The railroad makes it way up this canyon too and was cause for some interesting engineering feats in the building of the line and placement of bridge overpasses. The historic Pulga and Tobin bridges are an example. One is a highway bridge that crosses over a Western Pacific Railroad bridge. Its said to be one of the most photographed sites, but on narrow Highway 70 there is no place for a 40 foot bus to pull over for those of us with cameras to get a shot.

We did get a chance to photograph the river and another Tobin bridge after we descended from the heights and could park in a large open space adjacent to the river. Here a small waterfall cascaded down the hillside into the boulder-strewn water. There was just a hint of color change in the trees but a large scar of previously burned area also was evident. This past fire season a large brush and forest fire consumed many acres in this northern California section.

Logging is still an active industry up here and we saw many large trucks loaded with huge logs barreling up and down the highway. Most of the small towns in the area support the logging industry.

Lunch was in one of these small towns, Mill Creek, at St. Bernard's Lodge. Lunch was great but the best thing was looking at all the artifacts in this old fashioned bed and breakfast. The property contains a small pond and a larger body of water adjacent to it where mallards and domestic ducks paddle back and forth. The pond is stocked with huge rainbow trout. This stop was one place where some nice fall foliage was evident but the dog that the place was named after never showed.

Our tour continued around Lake Almanor, the largest lake in Plumas County. We stopped to admire a nice flock of white pelicans that were floating on the water. Lake Almanor has 52 miles of shoreline and is a popular recreation spot.

Railroads have played a big part of this area's history and part of our trip was railroad oriented. At Greenville, while searching for a restroom break spot, we stumbled upon and old depot building next to a line of tracks.
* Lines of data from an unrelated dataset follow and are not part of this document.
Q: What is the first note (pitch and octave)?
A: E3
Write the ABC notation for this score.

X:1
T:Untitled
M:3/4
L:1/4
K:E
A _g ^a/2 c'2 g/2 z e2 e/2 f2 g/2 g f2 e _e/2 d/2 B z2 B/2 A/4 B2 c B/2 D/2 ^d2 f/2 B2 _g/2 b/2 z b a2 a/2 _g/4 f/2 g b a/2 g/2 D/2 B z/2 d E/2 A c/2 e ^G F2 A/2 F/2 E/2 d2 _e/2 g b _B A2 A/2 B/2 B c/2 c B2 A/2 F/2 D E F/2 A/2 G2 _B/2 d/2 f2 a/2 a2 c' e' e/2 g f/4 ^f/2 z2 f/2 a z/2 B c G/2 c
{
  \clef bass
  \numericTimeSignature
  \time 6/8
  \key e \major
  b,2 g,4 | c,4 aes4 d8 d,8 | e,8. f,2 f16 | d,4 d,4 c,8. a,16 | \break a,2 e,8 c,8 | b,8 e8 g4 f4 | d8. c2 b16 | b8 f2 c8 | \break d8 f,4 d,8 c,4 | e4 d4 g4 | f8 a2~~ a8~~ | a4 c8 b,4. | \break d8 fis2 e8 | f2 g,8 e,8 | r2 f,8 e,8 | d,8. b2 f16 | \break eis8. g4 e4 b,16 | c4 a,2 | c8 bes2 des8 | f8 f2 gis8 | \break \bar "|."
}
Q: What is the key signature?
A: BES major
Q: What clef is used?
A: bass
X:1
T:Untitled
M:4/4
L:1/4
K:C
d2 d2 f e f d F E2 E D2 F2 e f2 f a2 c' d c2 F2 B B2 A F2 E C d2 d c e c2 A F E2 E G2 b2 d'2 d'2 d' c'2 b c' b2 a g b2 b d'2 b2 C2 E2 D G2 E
And all up and down Highway 70 we encountered long lines of freight trains snaking their way along the canyon ledges and through the massive tunnels that railway workers had blasted out of the mountainsides. In some places the track loops over itself in order for the trains to gain in elevation along the canyon walls.

The Western Pacific Railroad finished building their line across the Sierra Nevada Mountains in 1909 and was the last transcontinental railway built. Their history and a grand assortment of rolling stock are available to the public at the Western Pacific Railroad Museum at Portola and this was a must-see stop for our tour. Here members of the Feather River Rail Society preserve rail history in a large building housing many artifacts, photos, and equipment. Outside in the yard is 12,000 feet of track and every kind of engine and rolling stock that you can imagine. Visitors can even drive a locomotive through the Museum's Run-a-Locomotive program. Our group got to participate in a train ride in a variety of old cabooses.

From Portola we headed for an overnight stay at Chalet View Lodge outside of Graeagle. This is a very nice upscale resort on large picturesque grounds. There are rooms in the lodge section and individual cabins available. Dining is on site and you can enjoy the pool or the Jacuzzi. A spa, fitness room, Bocce and volleyball courts, 6-hole golf course, a ponds stocked with trout are all on this property. They have wine bar and soon will have a brewery and also offer Starbucks coffee.

After a great night's sleep we drove down a rural byway for a stop at Gold Lake. This small lake is set in a dip in the mountains and a more serene place would be hard to find. We snapped photos and watched as Canada geese flew overhead, squawking on their way.

Then we were back on the road until the majestic Sierra Buttes came into view and our kindly bus driver allowed for me to jump off for a photo opportunity. Here there was a bit more fall color evident in the trees but we had already come to realize that this either was not a spectacular year or we were in the area a bit too early.

The tiny gold rush town of Downieville on a fork of the Yuba River proved to be a great rest stop break and we all visited the Downieville Museum that is housed in a building from 1852 that has thick walls of stone and an iron door. Here docents showed us tools and implements used by miners of old. A stuffed mountain lion resides in the back room and a docent demonstrated a hand cranked washing machine. Then we wandered the plank sidewalks and browsed in and out of some of the shops. Mining for gold in the heydays of that activity was what made the towns in the Mother Lode great. Now they are quiet little hamlets that tourists love to explore.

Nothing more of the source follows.